Some of these sound like loads of fun and good ways to get to know each other.
But is fun and knowing each other the only things you are looking to achieve?
If they are all in the room together I’m assuming it’s for some training that isn’t just about having fun or getting to know each other. So is there a way that you can link your icebreaker to the subject being learned?
Us grown ups like to have fun, and we will learn better if we are having a good time but we learn so much better if we see relevance. There is always the danger that an icebreaker just for ‘fun’ will turn off some people who will decide then and there that the whole day is a waste of time.

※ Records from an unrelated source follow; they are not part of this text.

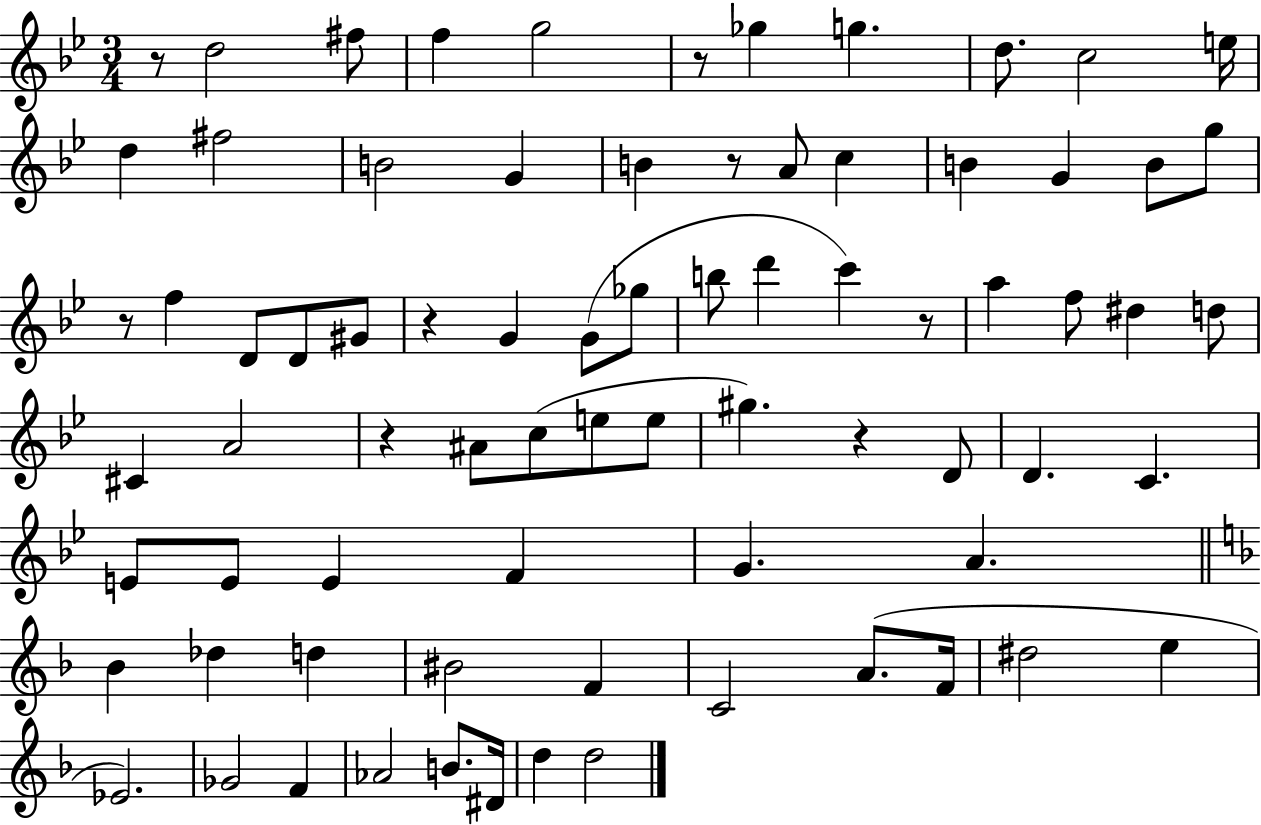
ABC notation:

X:1
T:Untitled
M:3/4
L:1/4
K:Bb
z/2 d2 ^f/2 f g2 z/2 _g g d/2 c2 e/4 d ^f2 B2 G B z/2 A/2 c B G B/2 g/2 z/2 f D/2 D/2 ^G/2 z G G/2 _g/2 b/2 d' c' z/2 a f/2 ^d d/2 ^C A2 z ^A/2 c/2 e/2 e/2 ^g z D/2 D C E/2 E/2 E F G A _B _d d ^B2 F C2 A/2 F/4 ^d2 e _E2 _G2 F _A2 B/2 ^D/4 d d2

So whatever you do link to the topic in some way. Do that as part of the briefing for your icebreaker and see the learning start.
All the best
Alan

Barb Miller

Here’s another one to add to the terrific list:
Musical People: Have everyone pair up. Shout out a question like: What is your favorite vacation spot. The partners talk for a couple of minutes. Then you ask everyone to change partners and shout out another question like: What do you like to do in your non-work hours? You keep on changing partners and shouting out a different question depending on how much time you have and how many people. I like this because everyone has an opportunity to interact with someone different and they find things in common to talk about at breaks and lunch. If it is an intact team, they learn new things about one another. You can use work related questions like: what do you like about working here? What is one thing our team can improve?